Der Soziologe Erwin Goffman und andere Sozialwissenschaftler*innen definieren Behinderung als Stigma. Stigmata sind gedankliche Konstruktionen, durch die sich Menschen die Wahrnehmung anderer Personen vereinfachen. Von einem Merkmal wird auf die ganze Person geschlossen. Sie ersparen somit differenziertes Denken. Obwohl zum Beispiel Menschen mit einer psychischen Erkrankung ganz andere Herausforderungen haben als Menschen mit einer Körperbehinderung, werden sie als „Behinderte“ oftmals in dieselbe Schublade gesteckt.

Ein Mann in Jogginghosen im Rollstuhl. Der Kopf des Mannes ist im Bild nicht sichtbar. | © pexels (pexels)

Stigmata sind negativ behaftet, weshalb Menschen mit Behinderungen leider oftmals haarsträubende Eigenschaften wie Dummheit, Faulheit oder mangelnder Durchhaltewillen zugeschrieben werden. Andere Merkmale der Person, wie zum Beispiel Charakter oder Bildungsstand, können diese Vorurteile nicht kompensieren. Klar, dass solche Stigmatisierungen enorme Auswirkungen auf die Betroffenen haben. Menschen mit Behinderungen oder Krankheiten zweifeln häufig an sich selbst, ziehen sich aus der Gesellschaft zurück oder resignieren. Auch versuchen sie, ihre Krankheit oder Behinderung so gut es geht geheim zu halten – aus Angst vor Stigmatisierung.

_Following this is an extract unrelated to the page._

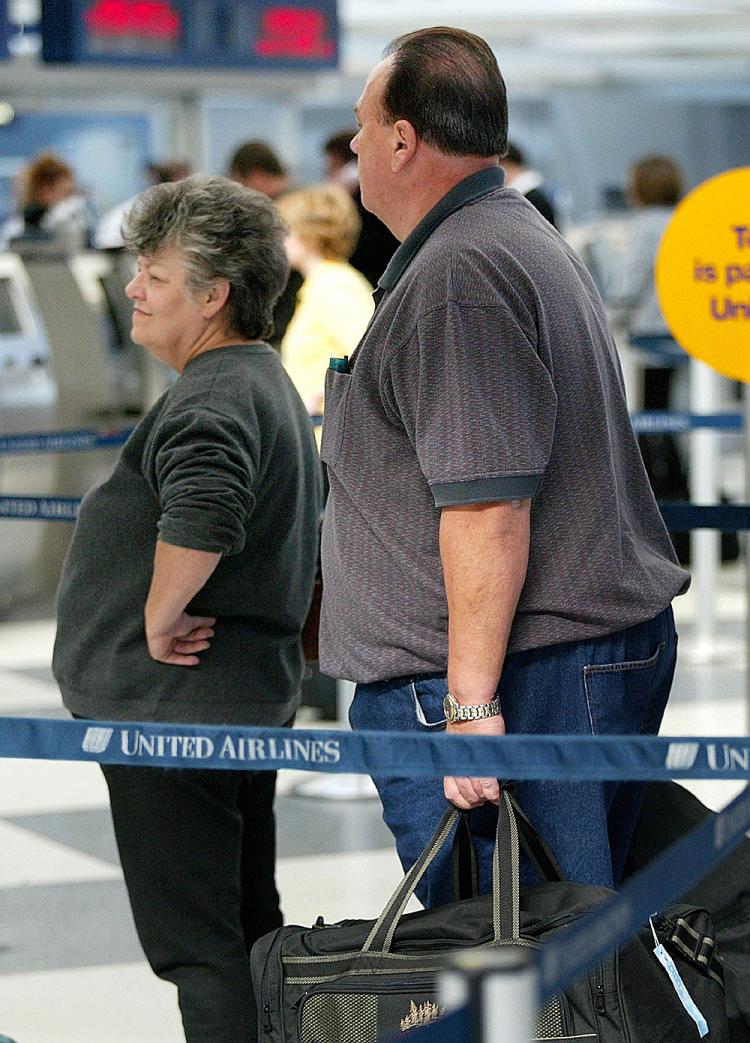 A heavy-set couple check in for a flight. (Tim Boyle/Getty Images) A heavy-set couple check in for a flight. (Tim Boyle/Getty Images)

Vielfalt der Gesellschaft schätzen

Was wir also mitnehmen: Verallgemeinerungen und Stereotype über „Behinderung“ oder „Menschen mit Behinderungen“ führen eindeutig in die Irre. Personen mit Behinderungen haben vielfältige persönliche Eigenheiten in Bezug auf Geschlecht, Alter, sexueller Orientierung, Bildungsstand oder der Zugehörigkeit zu einer bestimmten Nationalität, Religion oder Volksgruppe. Und jede*r geht wieder anders mit seiner oder ihrer Behinderung um. Differenziertes Denken lohnt sich, um die Vorteile einer diversen Gesellschaft zu erkennen.

Mit Informationen und Austausch kann es gelingen, über Hintergründe, Ursachen und Folgen einer Behinderung oder Krankheit zu informieren und Betroffenen zu zeigen, dass sie nicht allein sind und Unterstützung in Anspruch nehmen sollten, um neue Perspektiven zu finden. Dieses Ziel möchten wir mit unserem Informationsportal EnableMe, unserer Community und mit unseren verschiedenen Angeboten erreichen.